• [EXERCISE]
Leave out the pictures and set down exactly the lines from the start of the listing through the one with "Rule 34 | 2girls, absurdres, blonde", both included.

- - - - - - -

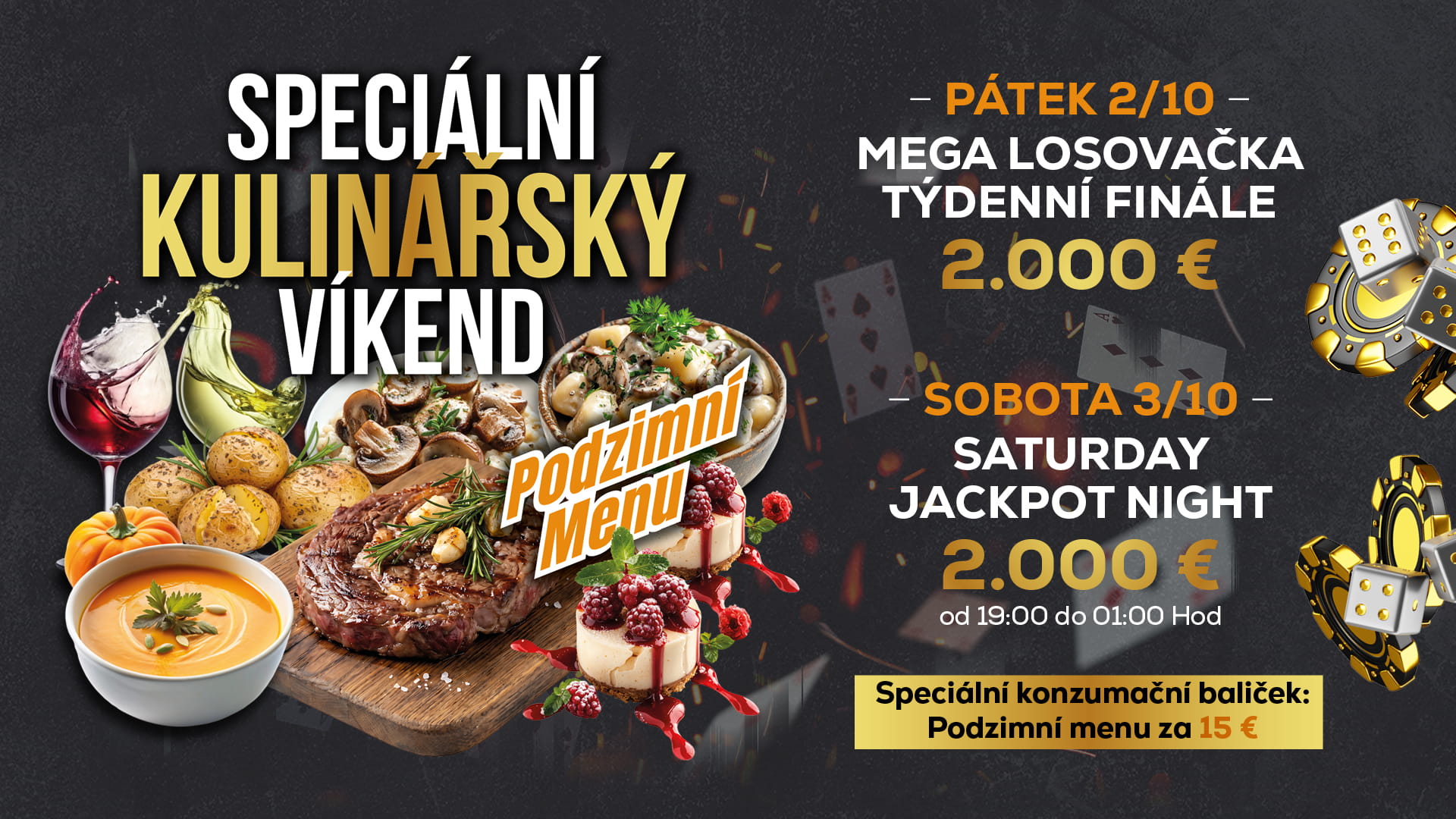 Speciální kulinářský víkend – podzimní menu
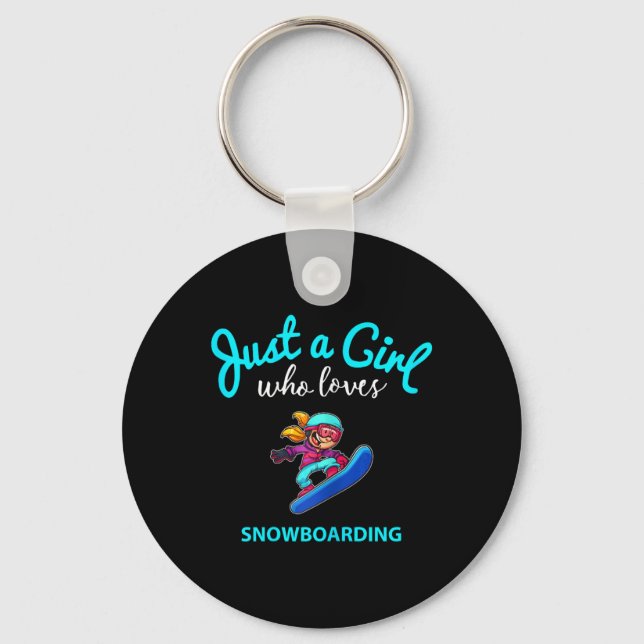 Snowboard Jersey For Girls Children's Snowboarding Key Ring (Front)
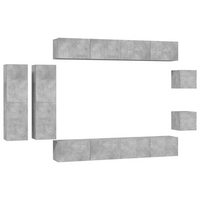 vidaXL 8 Piece TV Cabinet Set Concrete Grey Engineered Wood - Ample Storage Space, Wall-Mounted Design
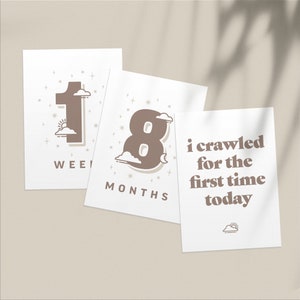 Cartes d'étape minimalistes pour bébé - Ensemble de 33 cartes - Téléchargement numérique imprimable - Cadeau de douche de bébé - Souvenir nouveau-né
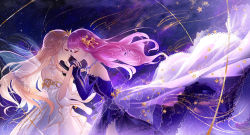 Rule 34 | 2girls, absurdres, blonde hair, blunt bangs, braid, closed eyes, confeitoo, crown, dress, elbow gloves, elf, fairy, fairy wings, floating hair, formal, galaxy, gloves, gold trim, gown, hair ornament, highres, holding hands, huge filesize, imminent kiss, interlocked fingers, jewelry, lace trim, layered dress, long dress, long hair, multiple girls, necklace, nikki (miracle nikki), noses touching, off-shoulder dress, off shoulder, ophelia (shining nikki), pink hair, pointy ears, purple background, purple dress, purple gloves, purple sky, shining nikki, shirt, shooting star, sky, sleeveless, sleeveless shirt, smile, space, star (sky), star (symbol), star hair ornament, star ornament, starry background, white dress, wings, yuri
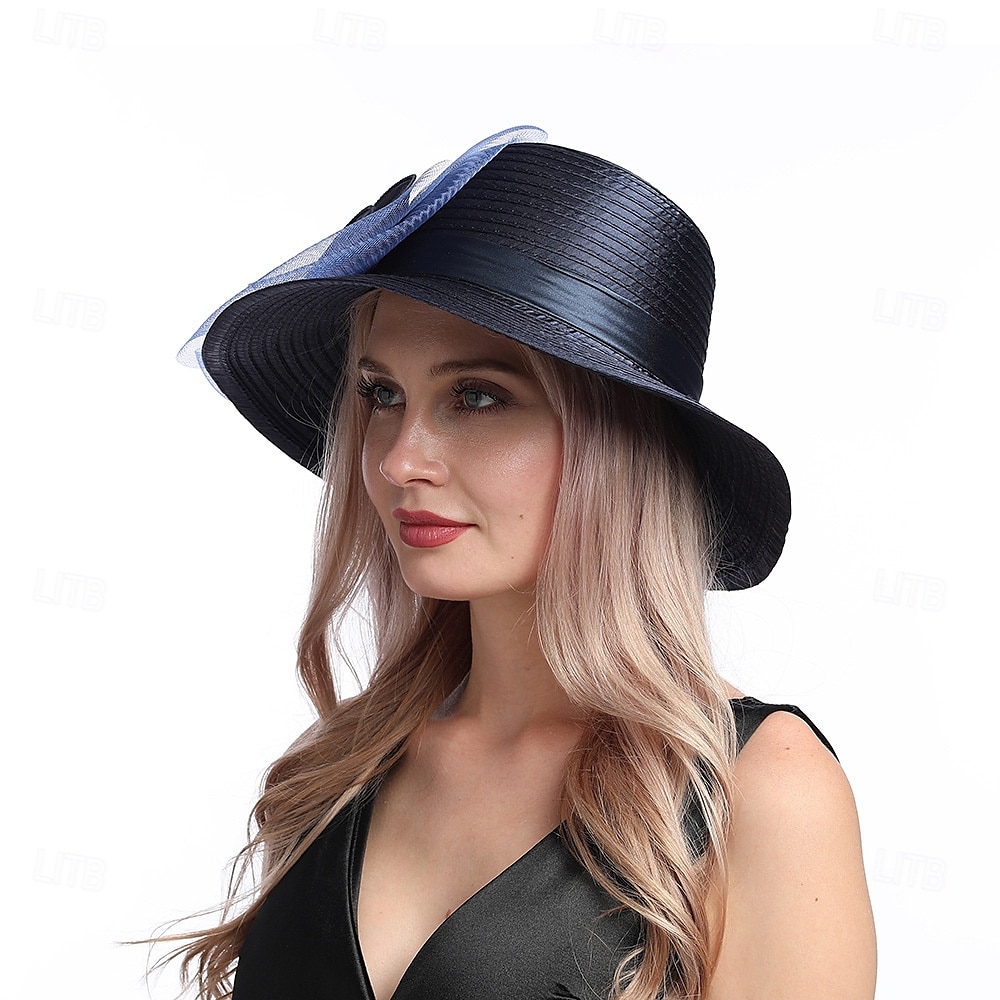 Hatter Organza Solhatt Ferie Te Fest Hesteveddeløp Cocktail Elegant Vintage Søt Med Blomster Hodepryd Hodeplagg 2025 - $31.99 –P21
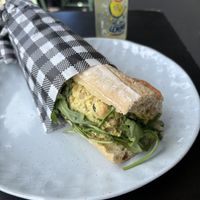 Chickpea ’Tuna’ baguette 🥖   at Mister Nice Guy's Bakeshop in Ascot Vale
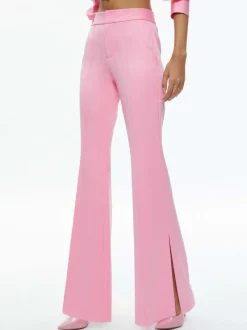 Women Alice and Olivia Macey Notch Collar Fitted Blazer + Danette High Rise Flare Slit Trouser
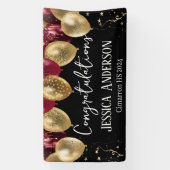 Afstuderen rood gouden ballonnen banner (Verticaal)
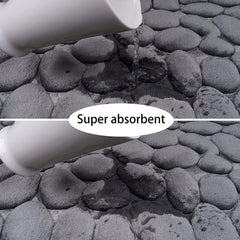 Soft Memory Foam Bathroom Rug with Cobblestone Embossment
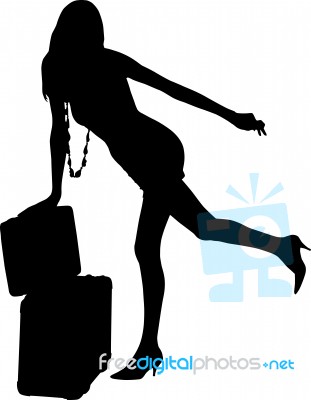 Silhouette Woman Traveler Stock Image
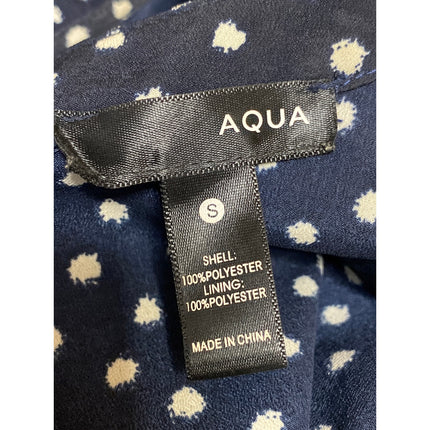 Aqua Women's Blue Polka Dots Button Down Short Cap Sleeve Jumpsuit Romper Size S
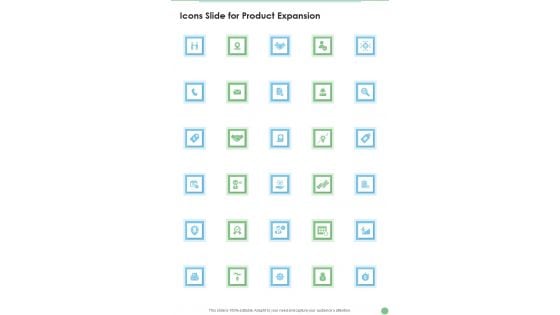 Icons Slide For Product Expansion One Pager Sample Example Document Icons Slide For Product Expansion One Pager Sample Example Document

- - - - - - -

• [ANSWER]
 Speciální kulinářský víkend – podzimní menu
 Snowboard Jersey For Girls Children's Snowboarding Key Ring (Front)
 vidaXL 8 Piece TV Cabinet Set Concrete Grey Engineered Wood - Ample Storage Space, Wall-Mounted Design
 Cartes d'étape minimalistes pour bébé - Ensemble de 33 cartes - Téléchargement numérique imprimable - Cadeau de douche de bébé - Souvenir nouveau-né
 Rule 34 | 2girls, absurdres, blonde hair, blunt bangs, braid, closed eyes, confeitoo, crown, dress, elbow gloves, elf, fairy, fairy wings, floating hair, formal, galaxy, gloves, gold trim, gown, hair ornament, highres, holding hands, huge filesize, imminent kiss, interlocked fingers, jewelry, lace trim, layered dress, long dress, long hair, multiple girls, necklace, nikki (miracle nikki), noses touching, off-shoulder dress, off shoulder, ophelia (shining nikki), pink hair, pointy ears, purple background, purple dress, purple gloves, purple sky, shining nikki, shirt, shooting star, sky, sleeveless, sleeveless shirt, smile, space, star (sky), star (symbol), star hair ornament, star ornament, starry background, white dress, wings, yuri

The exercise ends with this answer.